But restricting to localizable enhanced measurable spaces does not eliminate all the pathologies: one must further restrict to the so-called compact and strictly localizable enhanced measurable spaces, and use a coarser equivalence relation on measurable maps: $f$ and $g$ are weakly equal almost everywhere if for any measurable subset $B$ of the codomain the symmetric difference $f^*B⊕g^*B$ of preimages of $B$ under $f$ and $g$ is a negligible subset of the domain. (For codomains like real numbers this equivalence relation coincides with equality almost everywhere.)

An enhanced measurable space is strictly localizable if it splits as a coproduct (disjoint union) of σ-finite (meaning there is a faithful finite measure) enhanced measurable spaces. An enhanced measurable space $(X,M,N)$ is (Marczewski) compact if there is a compact class $K⊂M$ such that for any $m∈M∖N$ there is $k∈K∖N$ such that $k⊂m$. Here a compact class is a collection $K⊂2^X$ of subsets of $X$ such that for any $K'⊂K$ the following finite intersection property holds: if for any finite $K''⊂K'$ we have $⋂K''≠∅$, then also $⋂K'≠∅$.

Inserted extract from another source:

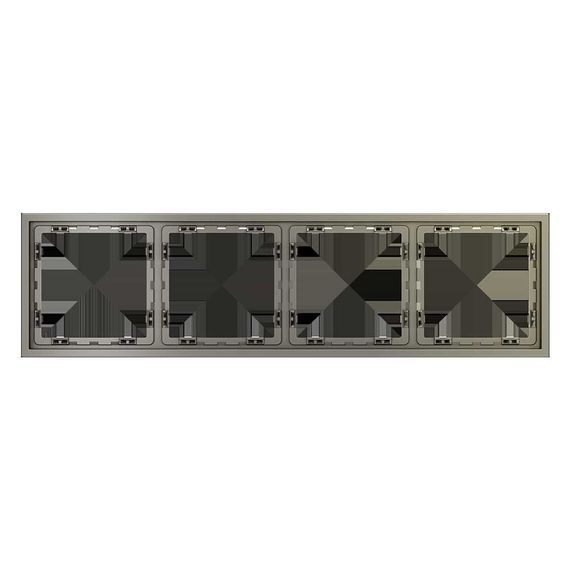Рамка пластиковая Voltum S70 на 4 поста, (шелк) VLS100404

The best argument for such restrictions is the following Gelfand-type duality theorem for commutative von Neumann algebras.

Theorem. The following 5 categories are equivalent.

The category of compact strictly localizable enhanced measurable spaces with measurable maps modulo weak equality almost everywhere.
The category of hyperstonean topological spaces and open continuous maps.
The category of hyperstonean locales and open maps.
The category of measurable locales (and arbitrary maps of locales).
The opposite category of commutative von Neumann algebras and normal (alias ultraweakly continuous) unital *-homomorphisms.

I actually prefer to work with the opposite category of the category of commutative von Neumann algebras, or with the category of measurable locales. The reason for this is that the point-set definition of a measurable space exhibits immediate connections only (perhaps) to descriptive set theory, and with additional effort to Boolean algebras, whereas the description in terms of operator algebras or locales immediately connects measure theory to other areas of the central core of mathematics (noncommutative geometry, algebraic geometry, complex geometry, differential geometry, topos theory, etc.).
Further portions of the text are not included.